MEMORANDUM FINDINGS OF FACT AND OPINION
WILES, Judge: Respondent determined the following deficiencies in petitioner's Federal income tax:
| | Additions to Tax |
| Taxable Year | Deficiency | Sec. 6653(a) 1 |
| 1969 | $22,804.63 | $1,140.23 |
| 1970 | 4,175.88 | 280.79 |
| 1971 | 3,156.71 | 157.84 |
After concessions, 2 the issues remaining for decision are as follows:
(1) Whether petitioner realized income in 1969 when a corporation satisfied his contractual obligation for the purchase of that corporation's stock.
(2) Whether petitioner realized income in 1970 when he assumed control of corporate funds.
(3) Whether the section 6653(a) addition to tax for negligently or intentionally disregarding the rules and regulations should be imposed in 1969 and 1970.
FINDINGS OF FACT
Some of the facts have been stipulated and are found accordingly.
Henry L. Sabes resided in Hopkins, Minnesota, when he timely filed his 1969 and 1970 Federal income tax returns with the Internal Revenue Service at Ogden, Utah, and when he filed his petition in this case. Petitioner was a cash method taxpayer for the years 1969 and 1970.
As of February 1968, Armlar, Inc. (hereinafter Armlar), operated the Point Supper Club in Golden Valley, Minnesota. At that time, Larry Hork (hereinafter Hork) and/or Ollie Hork, husband and wife, and Armil H. Grodnick each owned 50 percent of Armlar's stock.

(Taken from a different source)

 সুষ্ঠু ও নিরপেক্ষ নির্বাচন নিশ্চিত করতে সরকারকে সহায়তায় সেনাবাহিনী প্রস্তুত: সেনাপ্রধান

Petitioner and Hork had been partners in a business venture and friends for many years. Early in 1968, petitioner began discussions with Hork and Grodnick about acquiringGrodnick's 50 percent interest in Armlar. Grodnick was eager to terminate his association with Hork and to sell his Armlar stock and his interest in the real estate on which the Point Supper Club was located. Grodnick was prepared to relinquish his interest in Armlar if he was relieved of certain Armlar obligations which he had personally guaranteed.
On November 19, 1968, an agreement was signed by Grodnick, Hork, Ollie Hork, Armlar, and petitioner pursuant to which petitioner agreed to purchase Grodnick's 50 percent interest in Armlar and the real estate. 3Grodnick and petitioner agreed on a price of $36,731.52. At this time petitioner gave Grodnick a personal check also dated November 19, 1968, in the amount of $10,944.52. The agreement provided in part as follows:
WHEREAS, Grodnick desires to assign his interest in the aforesaid agreement of May 30, 1966, as amended by agreement dated August 2, 1966, and further desires to sell his capital stock in Armlar, Inc., and to transfer his interest in the aforesaid real estate,and
WHEREAS, Sabes desires to accept an assignment of Grodnick's interest in the aforesaid agreement, and further desires to purchase Grodnick's capital stock in Armlar, Inc. and Grodnick's interest in the aforesaid real estate,
IT IS THEREFORE AGREED AS FOLLOWS:
1. Grodnick agrees, subject to the terms and conditions hereinafter set forth, to assign to Sabes all of Grodnick's right, title and interest under that certain agreement between Grodnick and Horks dated May 30, 1966, as amended August 2, 1966, and further agrees to transfer and assign to Sabes his fifty percent (50%) interest in the issued and outstanding capital stock of Armlar, Inc., and assign to Sabes all of Grodnick's right, title and interest in and to the following described real estate.
* * *
2. The purchase price for all of the foregoing real and personal property to be paid by Sabes to Grodnick shall be the sum of Thirty-six Thousand Seven Hundred Thirty-one and 52/100ths Dollars ($36,731.52) payable as follows:
Ten Thousand Nine Hundred Forty-four and 52/100ths ($10,944.52) Dollars payable in cash at the time of execution of this agreement;
Balance of Twenty-five Thousand Seven Hundred Eighty-seven Dollars ($25,787.00) shall be payable on or before May 1, 1969, together with interest thereon from the date of this agreement until payment at the rate of seven and one-fourth percent (7-1/4%) per annum.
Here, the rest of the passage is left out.